According to a report published by Symantec, they discovered a series of attacks conducted over the second half of 2021 and targeting telecoms, a number of IT services organizations and a utility company. The attacks, which targeted organizations in Israel, Jordan, Kuwait, Saudi Arabia, the United Arab Emirates, Pakistan, Thailand, and Laos, are most likely associated with Iranian state-sponsored hackers. While the identity of the attackers remains unconfirmed, there is some evidence to suggest a link to the Iranian Seedworm (aka MuddyWater) group. While in most attacks the initial attack vector is yet unclear, there is some evidence that a spear-phishing email was possibly used in one case. In one attack against a utility company in Laos that researchers called an “outlier”, the threat group appeared to exploit a public-facing service to gain initial entry, as the first compromised machine was an IIS web server, according to the report. Attackers then used PowerShell to deliver malicious tools and scripts to the company’s network and ultimately to connect to a webmail server of an organization in Thailand as well as IT-related servers of another Thai company.

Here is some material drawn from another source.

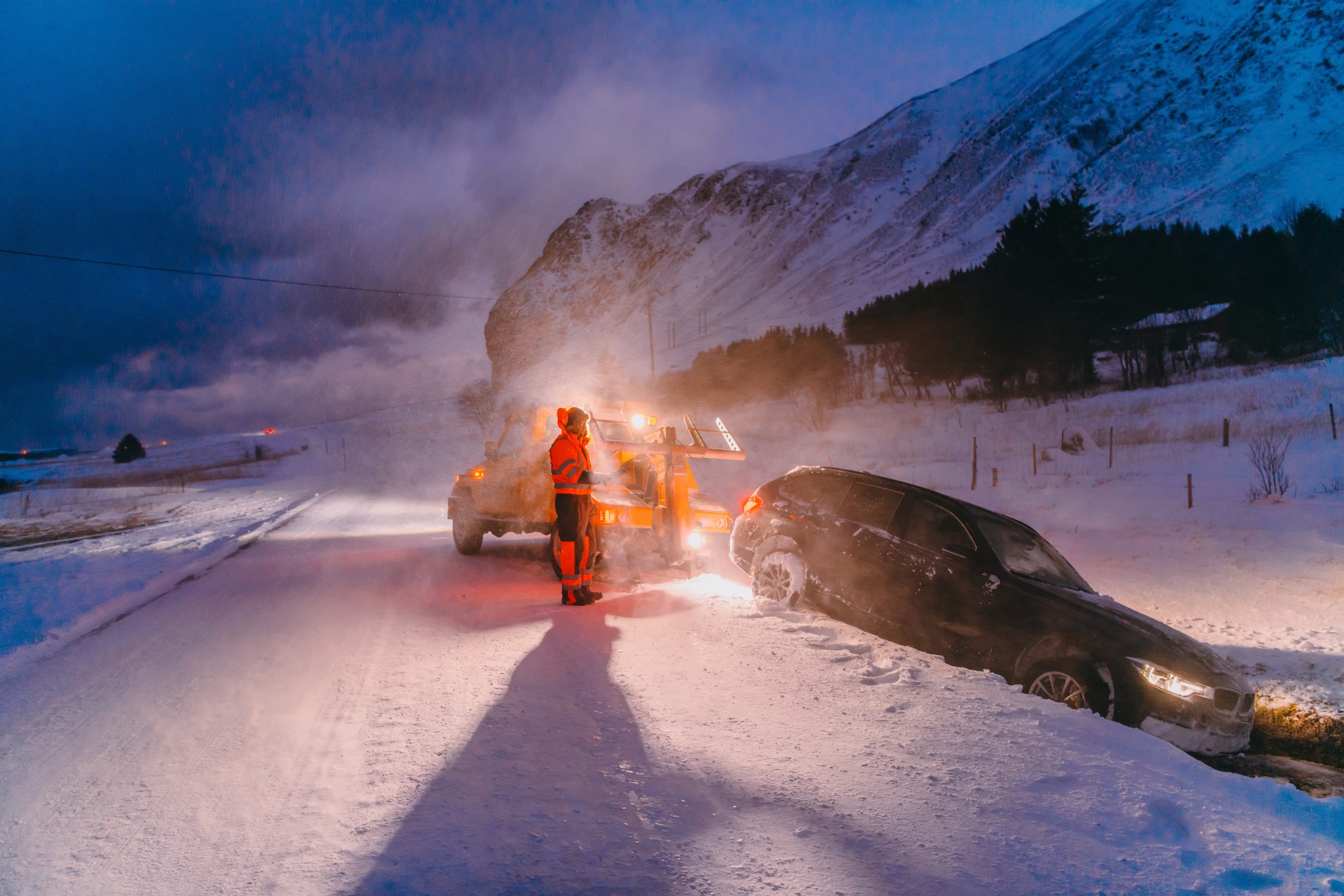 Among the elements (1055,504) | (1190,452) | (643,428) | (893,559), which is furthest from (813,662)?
(1190,452)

Tardigrade malware attacks on Biomanufacturing companies

The Bioeconomy Information Sharing and Analysis Center (BIO-ISAC) has published an advisory describing malware that has been used to target biomanufacturing firms. Dubbed Tardigrade, the malware was first detected in the wake of a ransomware attack but its goals may also include espionage. It has the functionality of a Trojan and uses sophisticated detection evasion techniques. The researchers found that Tardigrade resembles a popular malware downloader known as SmokeLoader/Dofoil but it is more advanced and offers an expanded array of customization options. It is able to decide on lateral movement based on its internal logic.

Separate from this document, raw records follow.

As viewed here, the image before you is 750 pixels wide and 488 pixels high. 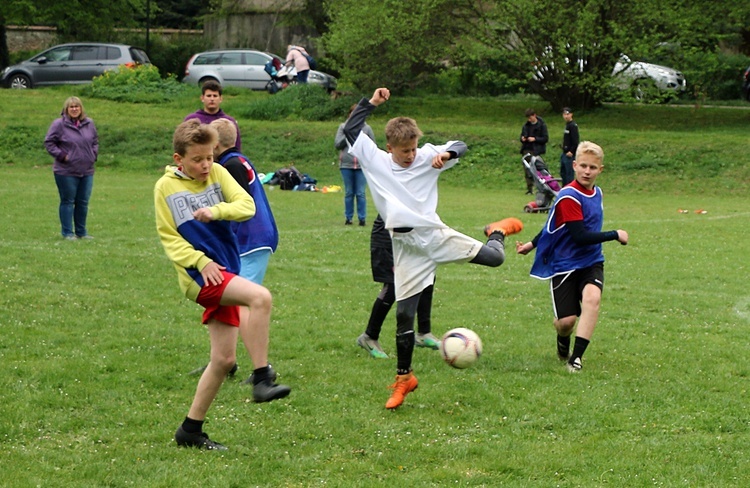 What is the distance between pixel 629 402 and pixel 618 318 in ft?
10.0

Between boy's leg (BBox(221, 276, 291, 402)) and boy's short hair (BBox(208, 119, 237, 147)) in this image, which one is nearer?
boy's leg (BBox(221, 276, 291, 402))

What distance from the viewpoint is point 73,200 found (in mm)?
13945

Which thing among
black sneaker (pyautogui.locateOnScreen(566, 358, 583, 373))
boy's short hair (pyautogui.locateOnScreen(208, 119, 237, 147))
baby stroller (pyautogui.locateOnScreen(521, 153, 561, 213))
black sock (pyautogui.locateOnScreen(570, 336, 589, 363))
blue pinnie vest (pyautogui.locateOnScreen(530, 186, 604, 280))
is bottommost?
baby stroller (pyautogui.locateOnScreen(521, 153, 561, 213))

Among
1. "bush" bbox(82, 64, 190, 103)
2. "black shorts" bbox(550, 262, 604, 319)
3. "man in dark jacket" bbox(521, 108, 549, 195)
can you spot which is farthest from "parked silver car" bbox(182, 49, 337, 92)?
"black shorts" bbox(550, 262, 604, 319)

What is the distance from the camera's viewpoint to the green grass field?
17.4ft

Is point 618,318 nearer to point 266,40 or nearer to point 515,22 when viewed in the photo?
point 515,22

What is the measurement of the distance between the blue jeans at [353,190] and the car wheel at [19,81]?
74.7ft

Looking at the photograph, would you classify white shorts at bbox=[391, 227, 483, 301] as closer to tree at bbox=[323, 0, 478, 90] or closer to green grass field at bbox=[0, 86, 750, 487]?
green grass field at bbox=[0, 86, 750, 487]

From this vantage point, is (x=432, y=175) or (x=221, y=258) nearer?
(x=221, y=258)

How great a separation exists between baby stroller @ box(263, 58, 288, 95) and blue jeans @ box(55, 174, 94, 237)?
20926 mm

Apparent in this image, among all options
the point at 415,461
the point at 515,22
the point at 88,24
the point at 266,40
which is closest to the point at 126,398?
the point at 415,461

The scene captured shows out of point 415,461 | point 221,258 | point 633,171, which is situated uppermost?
point 221,258

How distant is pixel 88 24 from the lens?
39.0 m

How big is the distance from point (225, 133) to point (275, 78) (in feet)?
91.8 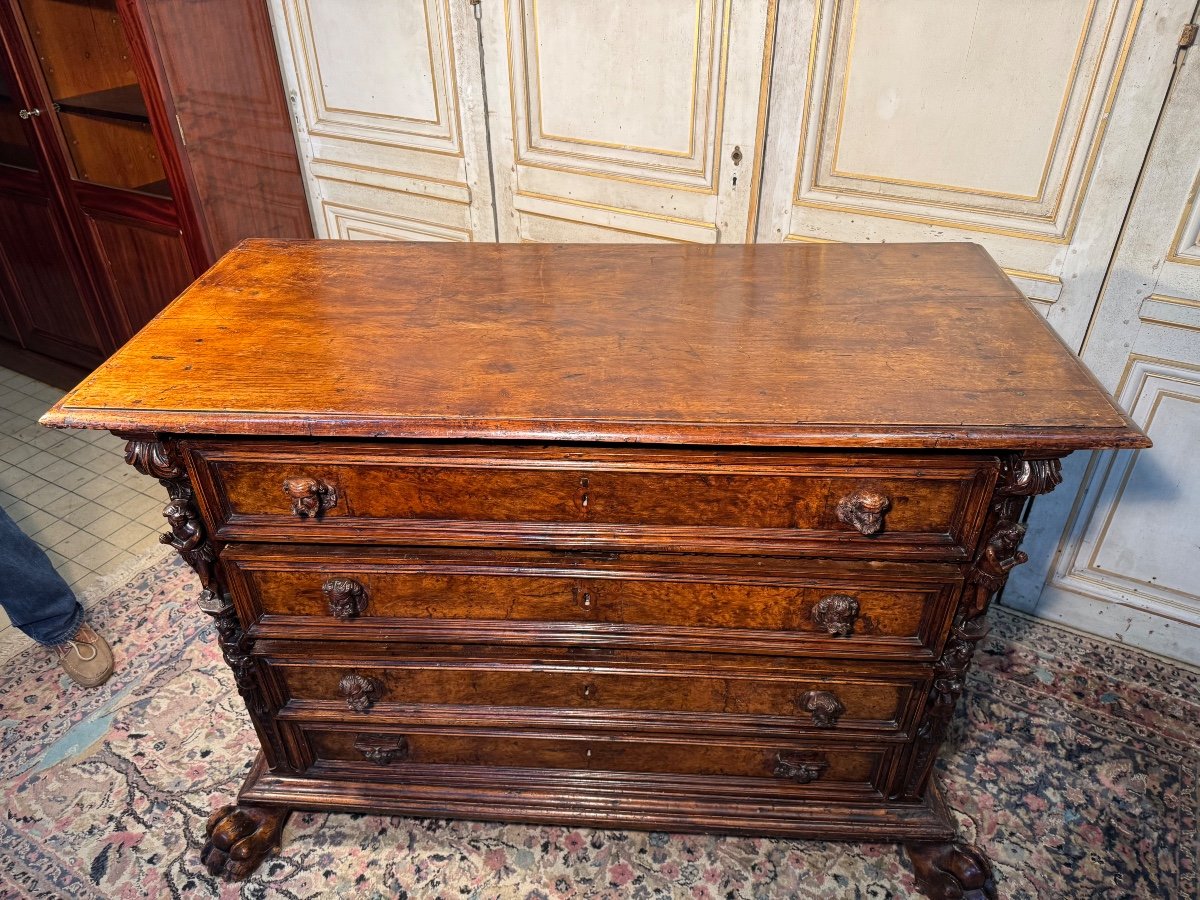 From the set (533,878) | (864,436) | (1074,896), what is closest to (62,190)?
(533,878)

Tropic Trooper targets transportation and government

Trend Micro has determined that the TropicTrooper/Earth Centaur APT actor targeted organizations in the transportation industry and transport-related government agencies in July 2020. It was observed that the group tried to access some internal documents (such as flight schedules and documents for financial plans) and personal information on the compromised hosts (such as search histories). The threat group used Internet Information Services (IIS) server and Exchange server vulnerabilities as entry points to further deploy webshells, .NET loader and first stage backdoors. Depending on the target, it uses backdoors with different protocols, and it can also use the reverse proxy to bypass the monitoring of network security systems. The group uses open-source frameworks to make customized backdoors. This enables it to create new backdoor variants more efficiently. After successfully exploiting a vulnerable system, the threat actor will use multiple hacking tools to discover and compromise machines on the victim’s intranet and tools for exfiltration. It exploits vulnerable websites and uses them as C2 servers.

Stages of Earth Centaur’s intrusion process (Source: Trend Micro)

Karakurt group attacks

Accenture Security has identified a new threat group, which calls itself Karakurt Hacking Team. The threat group is financially motivated, opportunistic in nature and focuses solely on data exfiltration and subsequent extortion. Accenture Security is currently aware of over 40 victims spanning multiple industry verticals, including energy, industrial and manufacturing, and organization sizes. Of known victims, 95% are based in North America and the remaining 5% in Europe. It typically uses credential access as the initial vector into victims’ networks and utilizes applications already installed to move laterally and exfiltrate data, if available. In addition, the threat group will typically contact the victim multiple times, using different communication methods, to apply additional pressure during extortion attempts.